→ **Exercise objective**:
Retype the whole listing exactly. Leave out pictures.

→ **Data segment**:

--------

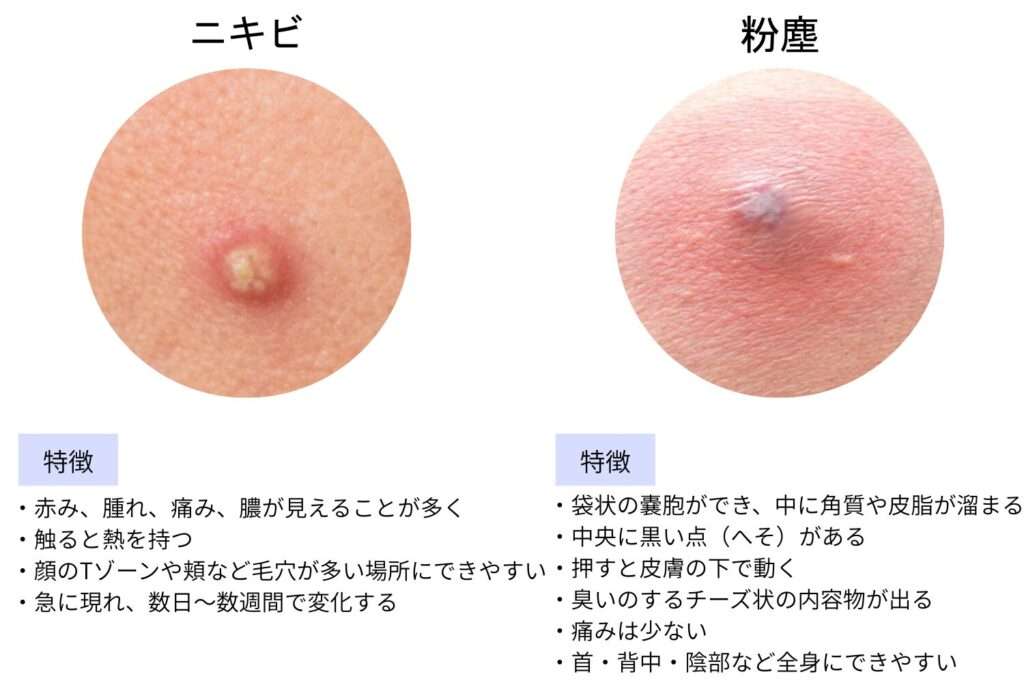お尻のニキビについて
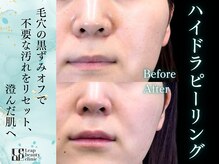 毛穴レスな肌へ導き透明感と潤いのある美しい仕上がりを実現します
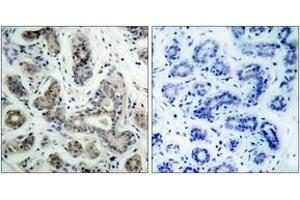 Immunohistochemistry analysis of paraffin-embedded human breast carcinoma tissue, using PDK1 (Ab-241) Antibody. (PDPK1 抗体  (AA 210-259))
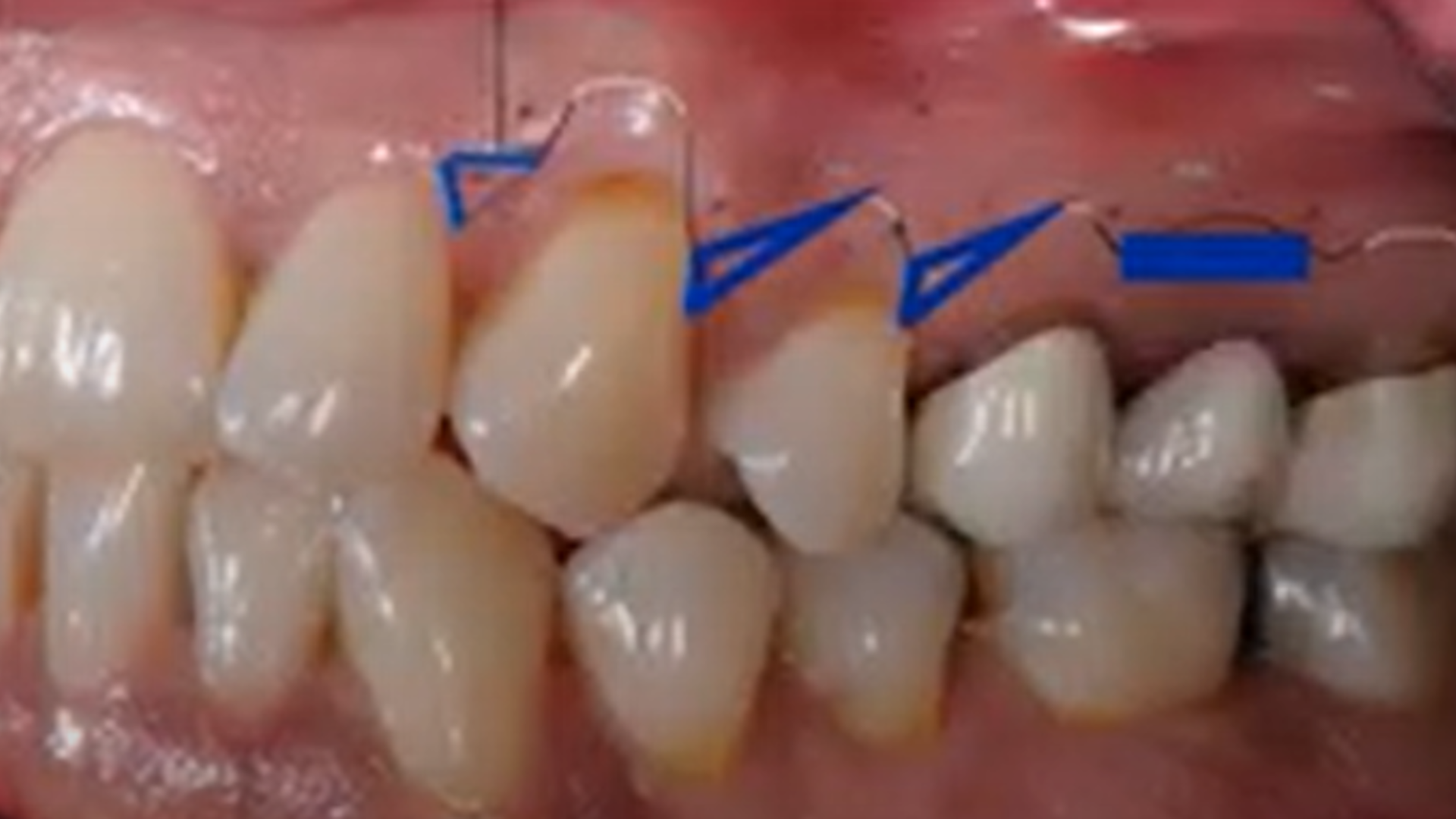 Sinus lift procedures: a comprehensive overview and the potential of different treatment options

--------

→ **Response area**:
お尻のニキビについて
 毛穴レスな肌へ導き透明感と潤いのある美しい仕上がりを実現します
 Immunohistochemistry analysis of paraffin-embedded human breast carcinoma tissue, using PDK1 (Ab-241) Antibody. (PDPK1 抗体  (AA 210-259))
 Sinus lift procedures: a comprehensive overview and the potential of different treatment options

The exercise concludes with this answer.